En ce qui concerne les réformes engagées ces dernières années,
Mohammad Abdoulaye BAH rappelle: «On insiste à ce que les étudiants
sortants maitrisent trois langues. Tous les samedis sont nommés ici
journée de la langue. L’étudiant qu’il soit dans les filières arabes
ou françaises, apprend l’arabe, le français et l’anglais»,
souligne-t-il. Mais ce n’est pas que ça. Certains projets sont en
gestation: «On à un projet d’ouverture de centre de recherche, cette
année on veut l’ouvrir. Un centre de santé aussi, élargir les filières
françaises aussi ; logistique et transport.
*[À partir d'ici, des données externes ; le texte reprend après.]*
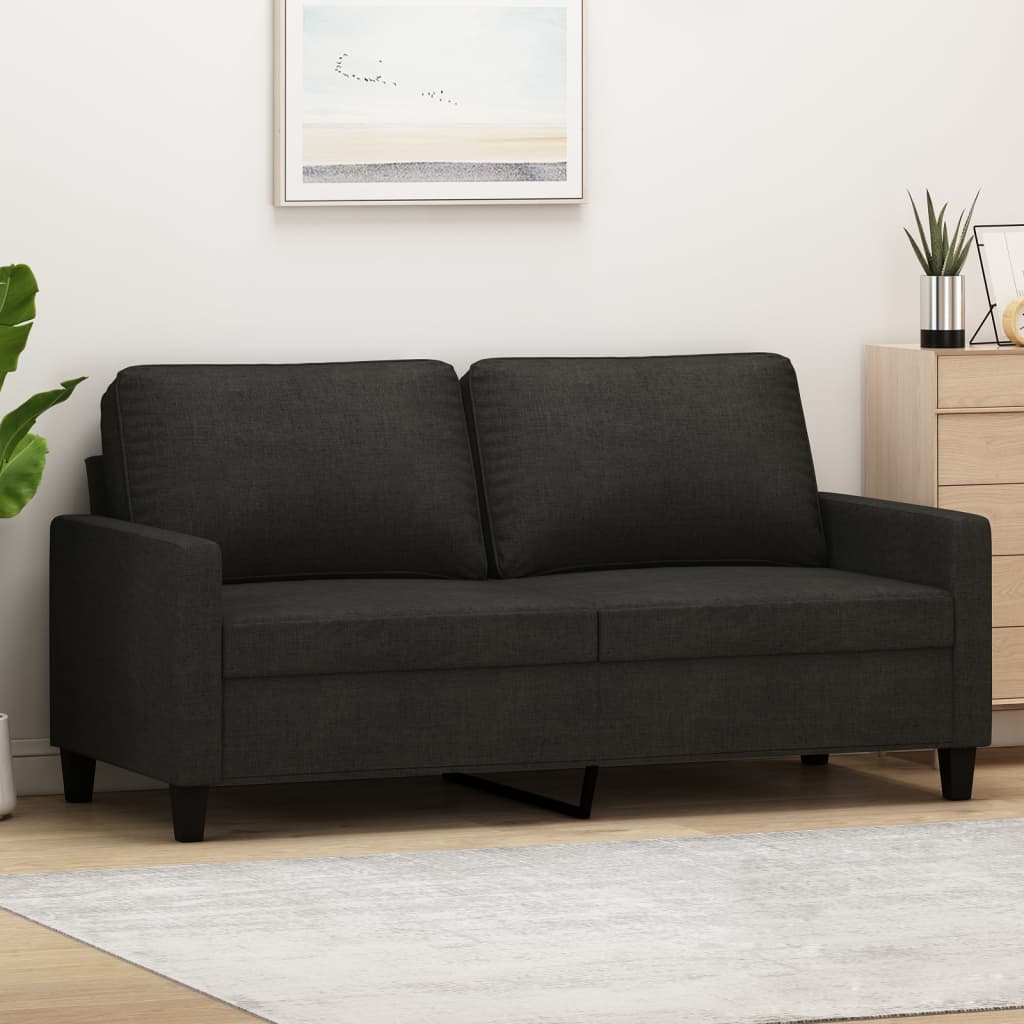 2-Sitzer-Sofa Schwarz 140 Cm Stoff - Fuer Daheim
Il y a des programmes en
finance aussi, mais tout ça selon les moyens», lâche-t-il.
Et contrairement à ce que pensent certains, «même si tu n’es pas
musulman tu peux suivre les cours ici». «Par exemple, on a même un
étudiant en finance islamique qui n’est pas musulman. On n’a pas de
problème avec ça. Les gens doivent comprendre l’université n’est pas
purement islamique et arabe, c’est ouvert à tout le monde. Il n’est
pas dit qu’il faut être musulman pour venir ici».
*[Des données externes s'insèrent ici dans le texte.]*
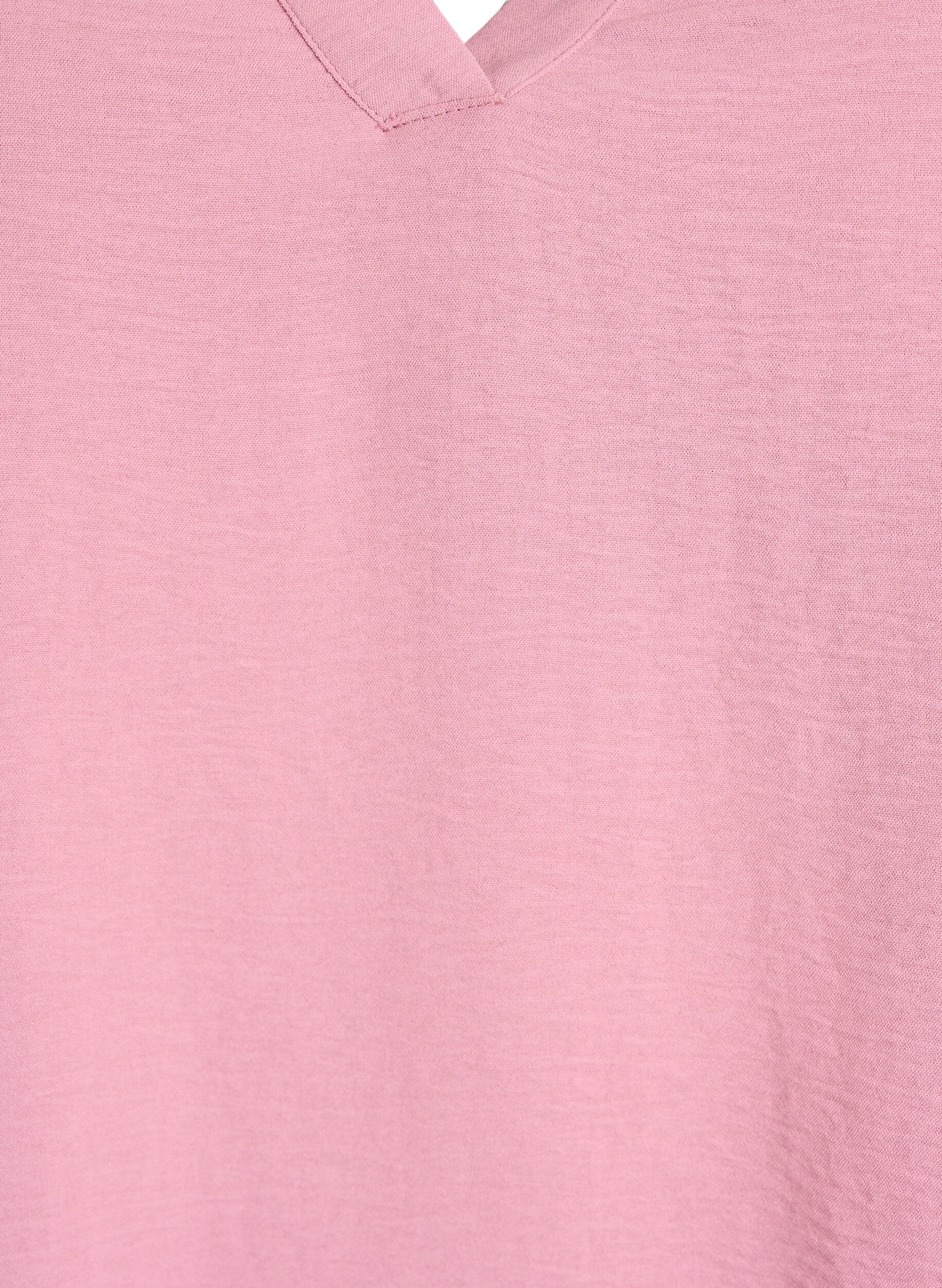 ZizziBlus med 3/4-&auml;rm, Rosa, Packshot image number 2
L’Université Al Eamar comme toutes les autres du pays, n’est pas en
marge des difficultés.
«L’Etat a arrêté d’orienter vers les privées, ça nous impact négativement. Il y a aussi cette question de finance, nous n’avons pas d’aide, on ne vit que de ce que les étudiants payent. Et comparativement aux autres, vous allez trouver qu’ici ce que les
étudiants payent est moins cher. Et certains étudiants parfois ne
payent pas, on accepte parce qu’on voit réellement ils n’en ont pas,
mais ils ont la volonté d’étudier. Ce qu’on cherche nous, c’est de
payer les enseignants, on ne cherche pas à s’enrichir ou à d’autres
choses. Mais DIEU merci, ça va. Il s’est passé ici à un moment, où on
est resté pendant trois mois sans percevoir nos salaires. Mais DIEU
merci on gère», explique-t-il, avant d’appeler l’Etat et aux bonnes
volontés à assister les étudiants d’Al Eamar. «Nous remercions l’Etat
pour la collaboration, nous sommes souvent conviées à ses activités.
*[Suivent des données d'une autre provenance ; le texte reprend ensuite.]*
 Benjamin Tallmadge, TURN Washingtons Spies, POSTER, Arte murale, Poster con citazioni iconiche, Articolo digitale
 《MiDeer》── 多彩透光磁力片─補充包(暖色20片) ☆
Aux bonnes volontés, on à besoin d’une aide il y a des étudiants qui
veulent continuer leurs études islamiques, mais ils n’ont pas de
moyen. Si on reçoit ces aides, on pourra améliorer de plus les conditions de travail de nos étudiants et surtout faire des bourses à ceux qui en méritent. DIEU Merci, on espère que tout ira bien».